WORK TO BE COMPLETED -> Print the lines below from the line with "Lastly, a sinusoid" to the line with "The server looks" exactly, keeping both ends, and print no pictures.
[DATA TO USE]
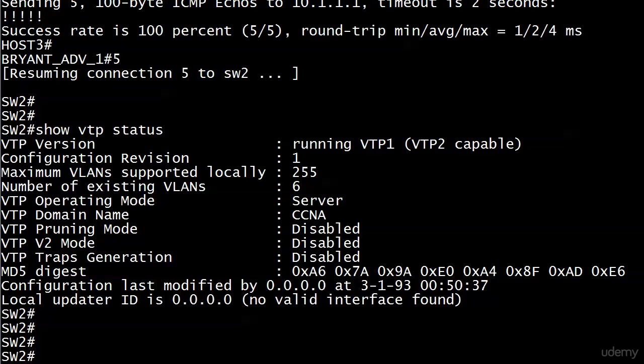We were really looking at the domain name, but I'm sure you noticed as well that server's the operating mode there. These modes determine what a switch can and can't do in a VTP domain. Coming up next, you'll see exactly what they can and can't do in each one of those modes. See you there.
[/DATA TO USE]
[DATA TO USE]
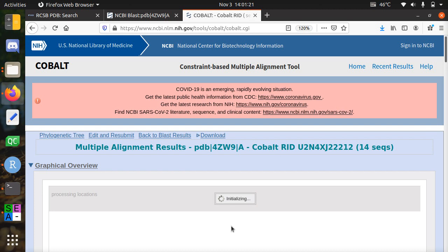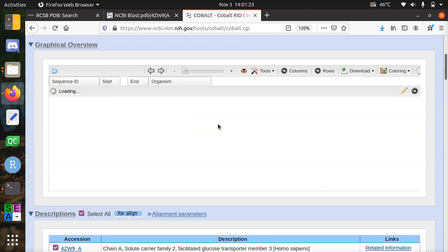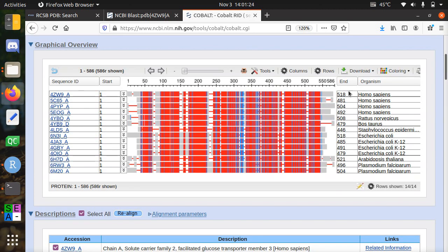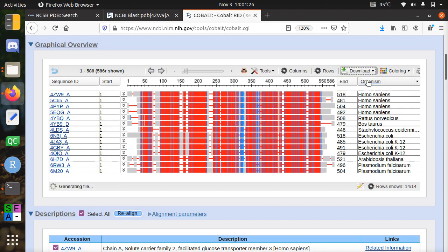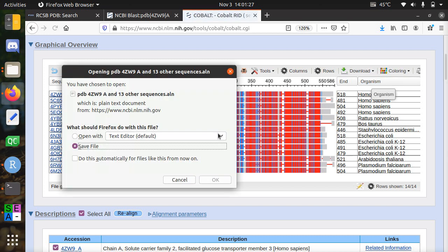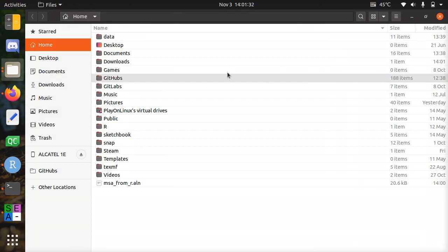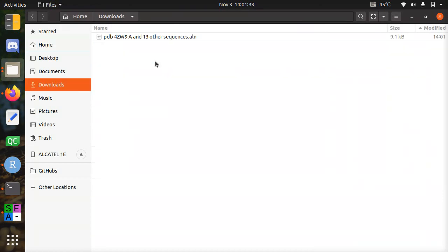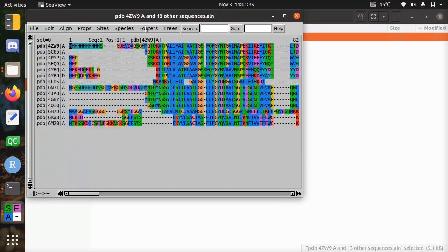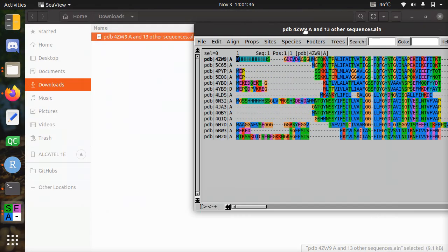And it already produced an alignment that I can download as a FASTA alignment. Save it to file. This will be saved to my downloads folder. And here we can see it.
[/DATA TO USE]
[DATA TO USE]
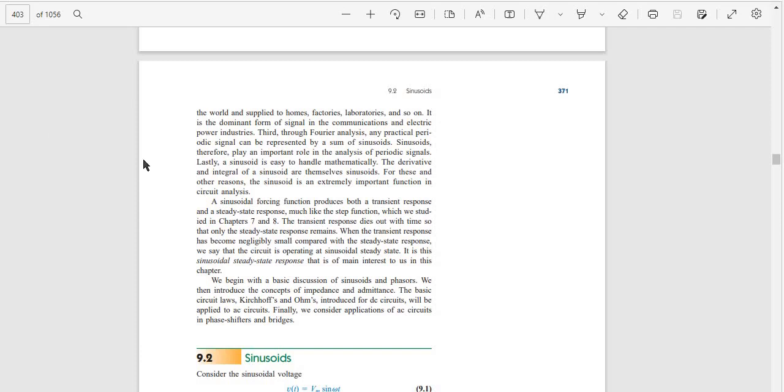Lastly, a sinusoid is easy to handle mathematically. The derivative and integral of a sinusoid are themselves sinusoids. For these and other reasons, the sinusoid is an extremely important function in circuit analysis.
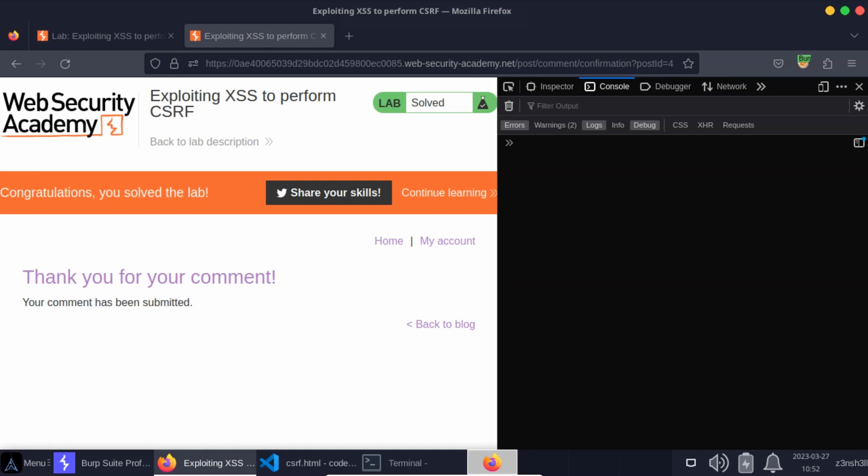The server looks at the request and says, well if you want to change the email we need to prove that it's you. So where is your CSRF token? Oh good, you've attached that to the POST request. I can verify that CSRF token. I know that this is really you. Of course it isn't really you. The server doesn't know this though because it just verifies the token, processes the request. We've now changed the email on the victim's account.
[/DATA TO USE]
ANSWER BOX ->
Lastly, a sinusoid is easy to handle mathematically. The derivative and integral of a sinusoid are themselves sinusoids. For these and other reasons, the sinusoid is an extremely important function in circuit analysis.
The server looks at the request and says, well if you want to change the email we need to prove that it's you. So where is your CSRF token? Oh good, you've attached that to the POST request. I can verify that CSRF token. I know that this is really you. Of course it isn't really you. The server doesn't know this though because it just verifies the token, processes the request. We've now changed the email on the victim's account.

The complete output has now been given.